Page 5 of 9 – SEC Filing

Item 1.  Security and Issuer.
This Amendment No. 2 to Schedule 13D (this “Amendment”) is being filed by Michael W. Kosloske (“Kosloske”), Health Plan Intermediaries, LLC, a Florida limited liability company (“HPI”), and Health Plan Intermediaries Sub, LLC, a Delaware limited liability company (“HPIS,” together with HPI, the “HII Entities”) to amend the Schedule 13D (the “Original Schedule 13D”) which was originally filed on February 22, 2013 relating to the Class A common stock of Health Insurance Innovations, Inc., a Delaware corporation (the “Issuer”), as previously amended by Amendment No. 1 thereto on February 7, 2015.
The principal executive offices of the Issuer are located at 15438 N. Florida Avenue, Suite 201, Tampa, Florida 33613.
Item 2.  Identity and Background.
This Amendment is being filed by (i) the HII Entities by virtue of their direct ownership in the Issuer’s Class B common stock and their direct ownership in Health Plan Intermediaries Holdings, LLC’s (“HPIH”) membership interests, and (ii) Kosloske by virtue of his control of the HII Entities and his direct ownership in the Issuer’s Class A common stock.  Kosloske is the sole member and primary manager of HPI and has sole voting and dispositive power over the shares held by HPI.  HPI is the sole managing member of HPIS and has sole voting and dispositive power over the shares held by HPIS.  Kosloske, by virtue of his control of HPI and HPI’s control of HPIS, may be deemed to beneficially own all the shares of Class B common stock of the Issuer held of record by each of HPI and HPIS and all of the membership interests of HPIH held of record by each of HPI and HPIS.  The HII Entities and Kosloske are collectively referred to herein as the “Reporting Persons” and individually referred to as a “Reporting Person.”
HPI is a Florida limited liability company, and HPIS is a Delaware limited liability company.
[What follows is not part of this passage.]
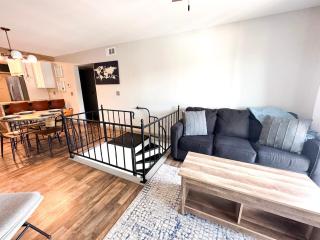 Wheelhouse Wonderland Lakefront Luxury Condo - Lake Ozark - 5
The HII Entities have no executive officers and do not conduct any operations other than in connection with their holdings of the Issuer’s Class B common stock and HPIH’s membership interests.  The address of the principal executive offices of the HII Entities is 15438 N. Florida Avenue, Suite 201, Tampa, Florida 33613.
Kosloske is a citizen of the United States and is the founder, Chief of Product Innovation, and a director of the Issuer.  The principal business address of Kosloske is c/o Health Insurance Innovations, Inc., 15438 N. Florida Avenue, Suite 201, Tampa, Florida 33613.
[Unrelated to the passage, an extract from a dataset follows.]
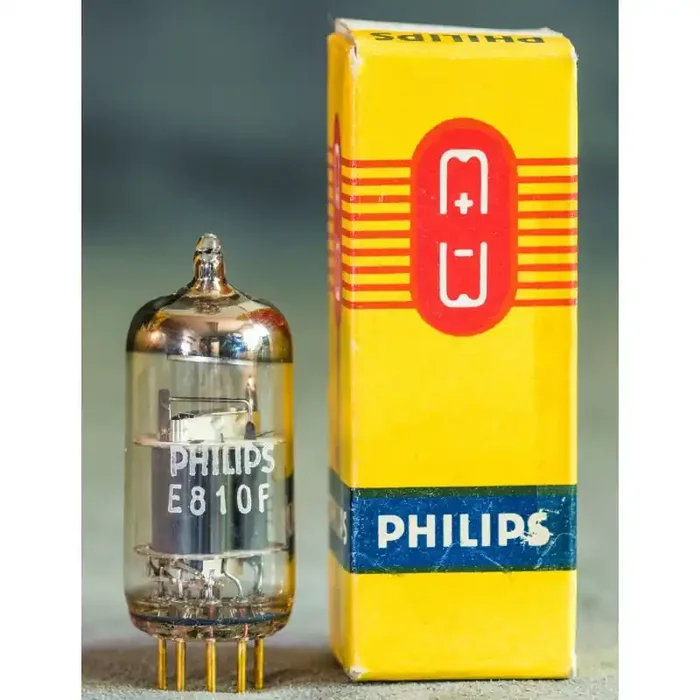 E810F Philips Gold Pin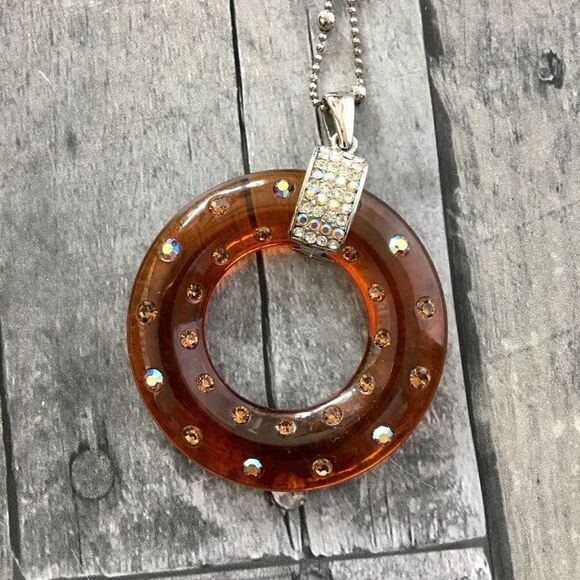 Austrian crystal Lucite Long Silver Necklace - Picture 2 of 6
During the last five years, none of the Reporting Persons has been convicted in any criminal proceeding (excluding traffic violations or similar misdemeanors) or was a party to a civil proceeding of any judicial or administrative body of competent jurisdiction as a result of which such person was or is subject to a judgment, decree or final order enjoining future violations of, or prohibiting or mandating activities subject to, federal or state securities laws or finding of any violation with respect to such laws.
Item 3.  Source and Amount of Funds or Other Consideration.
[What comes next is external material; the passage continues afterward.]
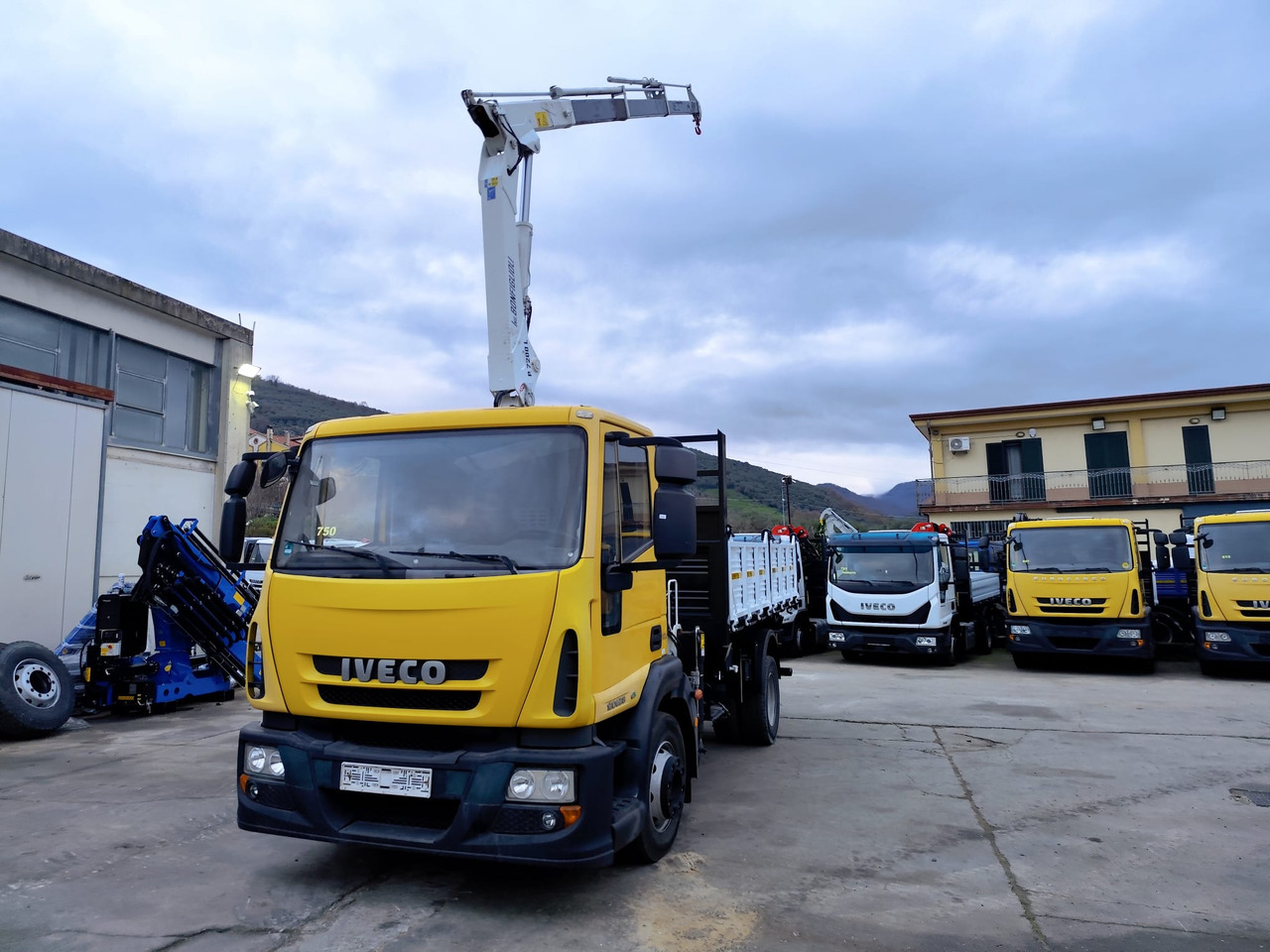 IVECO EUROCARGO 120E28P leasing IVECO EUROCARGO 120E28P: obrázek 25 IVECO EUROCARGO 120E28P leasing IVECO EUROCARGO 120E28P: obrázek 25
At the time of the filing of the Original Schedule 13D, HPI directly owned 8,580,000 shares of Class B common stock of the Issuer, and HPIS directly owned 86,667 shares of Class B common stock of the Issuer.  In addition, HPI directly owned 8,580,000 membership interests of HPIH, and HPIS directly owned 86,667 membership interests of HPIH.  These shares of Class B common stock and membership interests were received in a reclassification of the outstanding common stock of the Issuer and of the outstanding membership interests in HPIH effected immediately prior to the initial public offering of the Class A common stock of the Issuer in February 2013.
Pursuant to an exchange agreement entered into in February 2013 (the “Exchange Agreement”), the HII Entities (and certain permitted transferees) may, from and after February 13, 2013 (subject to the terms of the Exchange Agreement), exchange each share of Class B common stock, together with a membership interest of HPIH, for one share of Class A common stock of the Issuer on a one-for-one basis, subject to customary conversion rate adjustments for stock splits, stock dividends and reclassifications.  As a holder exchanges its interests, the Issuer’s interest in HPIH is correspondingly increased.  The foregoing summary of the Exchange Agreement is qualified in its entirety by reference to the text of the Exchange Agreement incorporated herein as Exhibit 2 hereto.